We've seen it all before, each time with another dollop of self-justification and hypocrisy. The secondary banking crash of 1972-73. The run on couples' Mortgage Income Tax Relief that exploded in the government's face between 1988 and 1990. The repercussions of the bank runs and financial crisis of 2007-2008. And now we're just about ready to do it all again - go for a few years of asset-driven borrowing, only to wear hair shirt and eat humble pie in a few years' time.
We've got ourselves into a situation where more than half the nation's wealth is now tied up in property. That's most acute in London, of course. It's now getting to the stage where the merely ordinary rich - journalists such as Rachel Johnson - have for some time been sadly reflecting that they just can't keep up with the super-affluent: the families of unbelievably wealthy New York bankers and the like. Whole neighbourhoods of central London, once notable for their cheek-by-jowl mixed-up-ness, are being hollowed out by their reliance on the sheer weight of money emanating from such sources.
Now that has certain consequences for getting yourself out of the sort of hole we've been in for so long. It means that people can easily be made to feel richer, going out and spending as they feel nominally wealthier. It means that building and construction can be pumped up pretty quickly (once the weather abates) - albeit from a pitifully low base we haven't known in domestic housebuilding since the 1920s. But in the long term, it's just another turn of the screw on young people, the priced-out and the poorer. It's not just the wellsprings of communal life in London that are being poisoned. Property prices in southern English cities such as Oxford are now up to eleven or twelve times residents' incomes.

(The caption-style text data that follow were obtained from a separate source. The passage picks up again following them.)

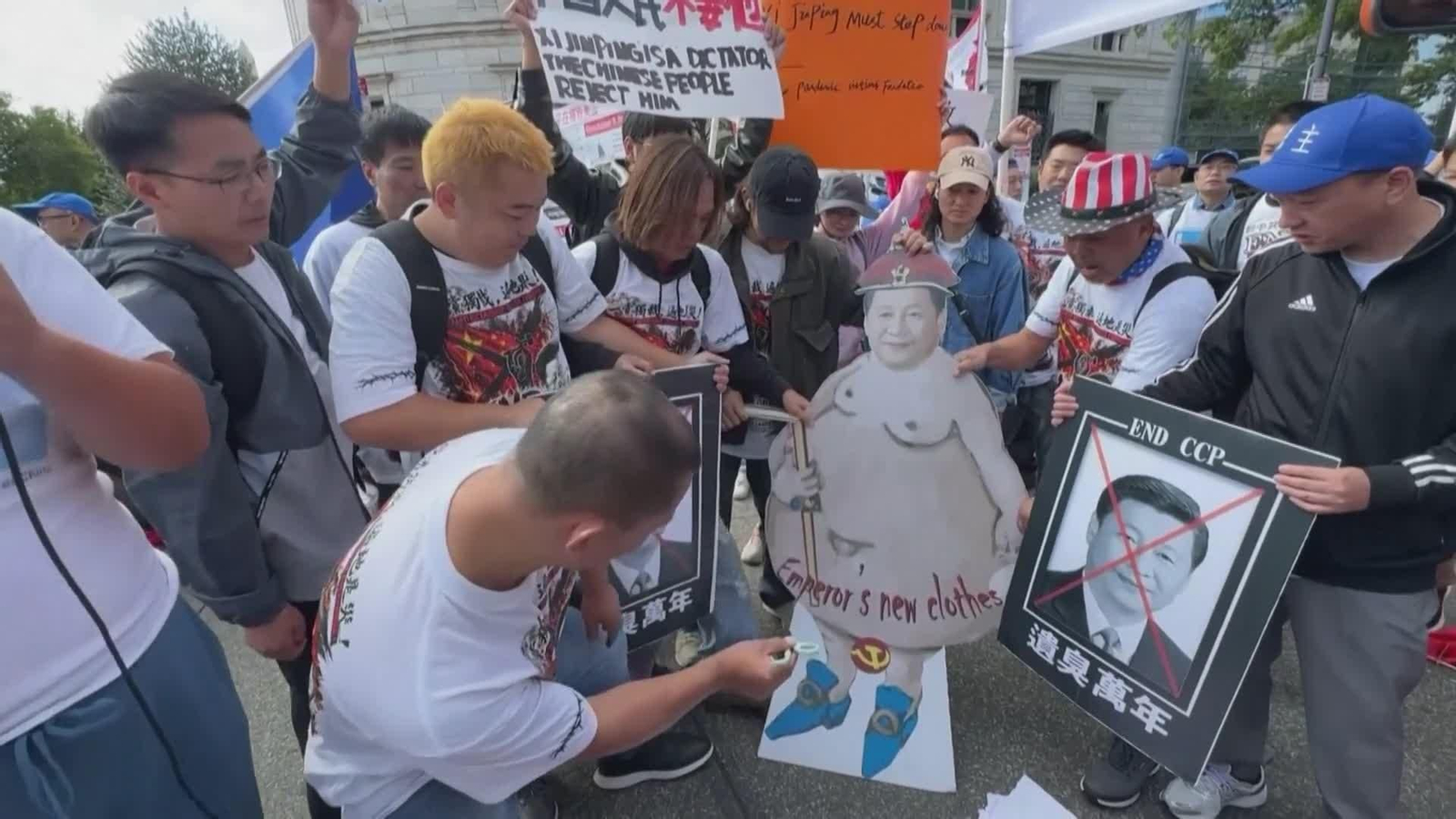 va protestantes clavan tijeras en foto de xi jinpinh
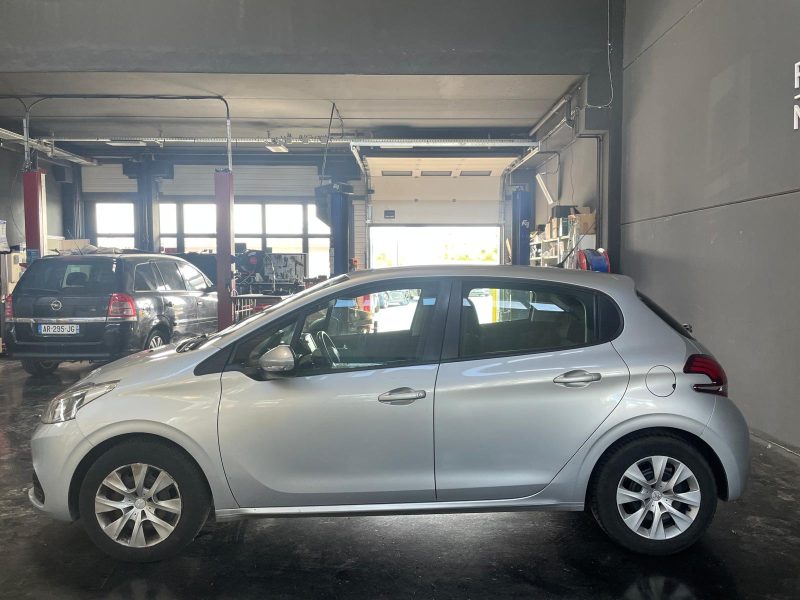 PEUGEOT 208 2015 DISTRI OK 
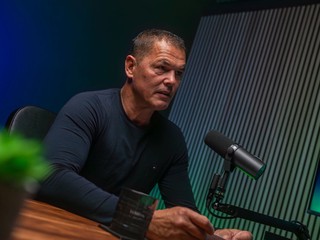 Marián Zeman počas nahrávania podcastu Taký je futbal.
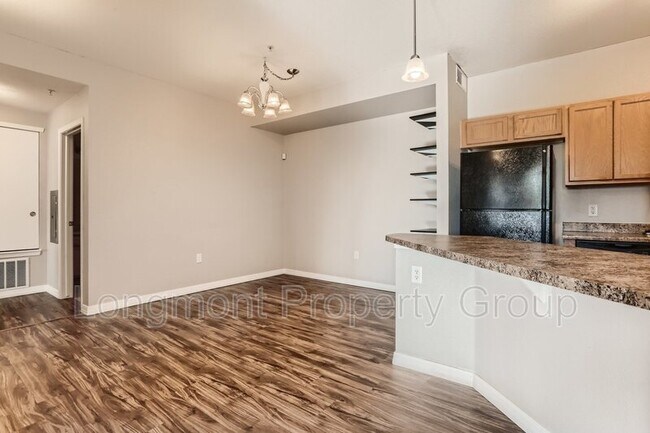 Building Photo - 804 Summer Hawk Dr
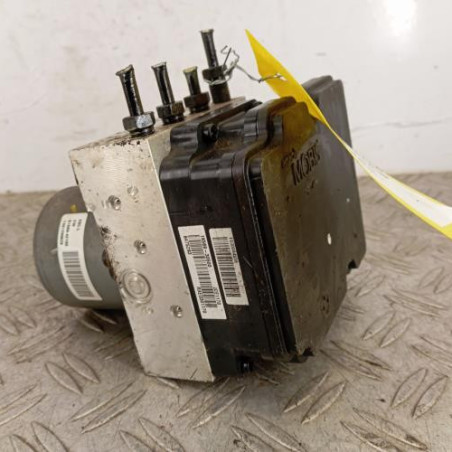 Bloc ABS (freins anti-blocage) HYUNDAI IX 20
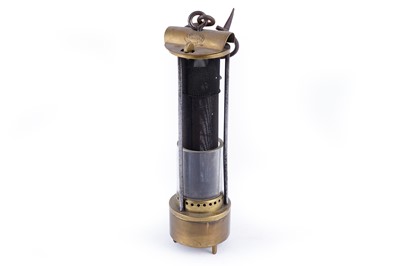 Lot 270 - A 19th Century ‘Jack Davy’ lamp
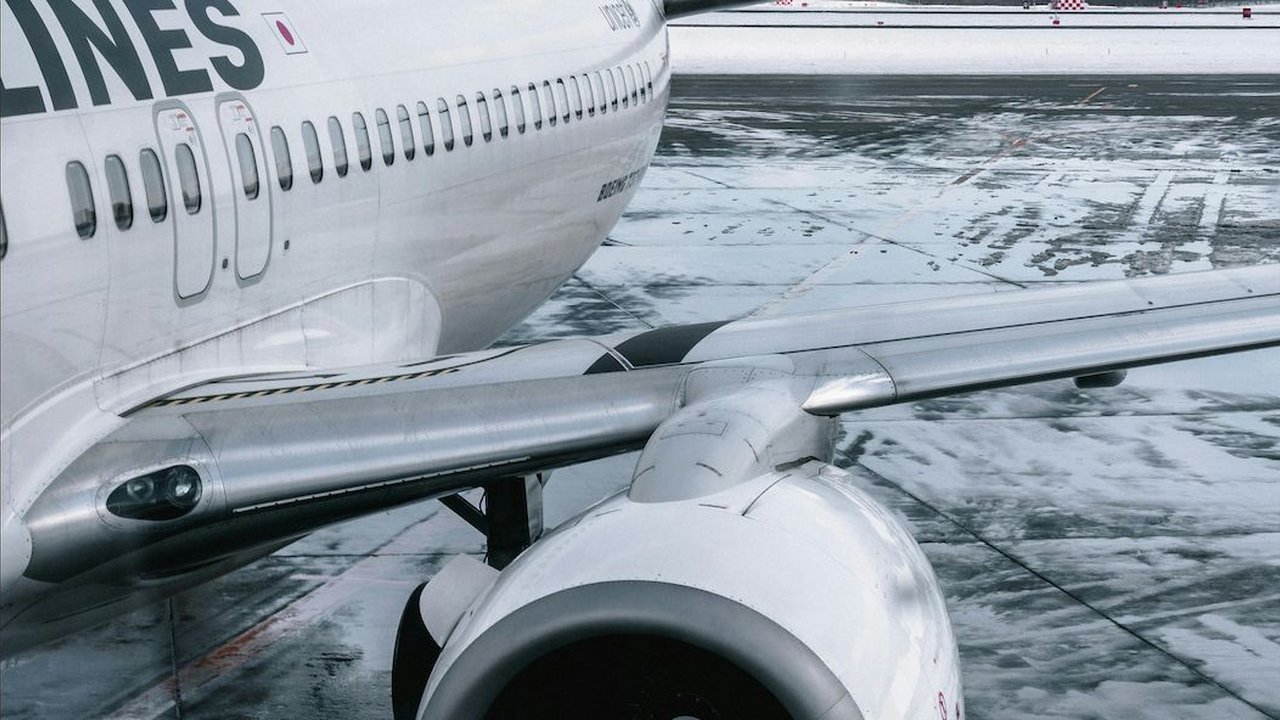 Saat Pesawat Turbulensi, Apa yang Harus Dilakukan Penumpang?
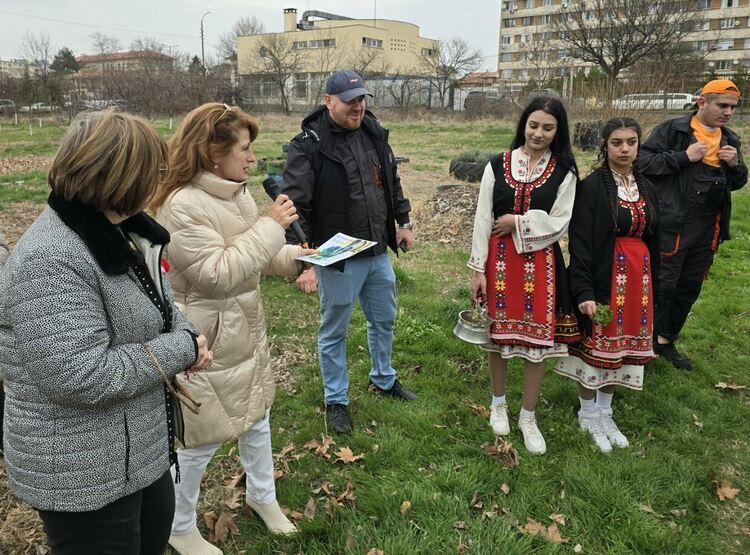 11-класниците от ПГТАТ участваха в  състезанието „Млад фермер“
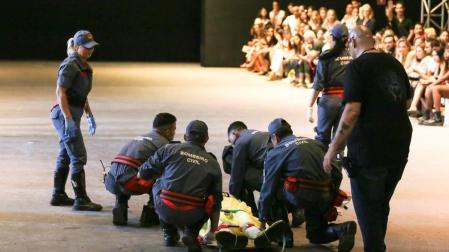 Un modelo muere tras desmayarse en el mayor certamen de moda de Brasil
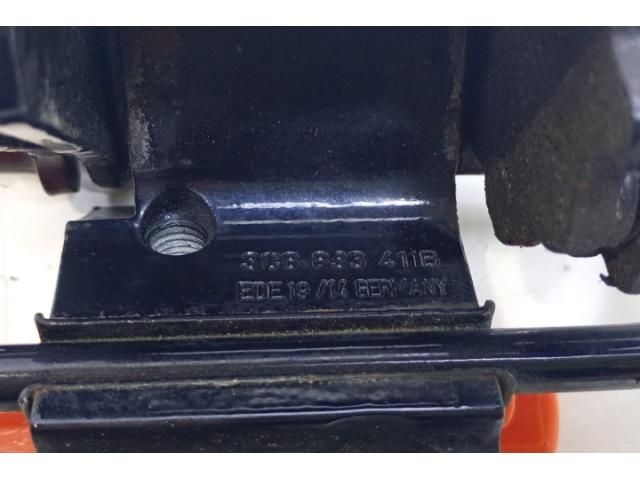 bontott VW PASSAT B7 Bal hátsó Zsanér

That cannot be sustainable. It cannot be good for labour mobility, long-term income restraint or productivity - but it's a tempting, addictive, high-octane mix that Britain has now proved incapable of weaning itself off for four economic cycles in a row.
The long and the short of it: any historian can tell you that this one will end in tears. Pay down your mortgage as fast as you can while interest rates are low, before any other shocks hit the world economy (there are always some lurking out there, like rocks in the asteroid belt). And don't let anyone - television programmer, boosterish investor, boorish 'expert' - tell you anything different.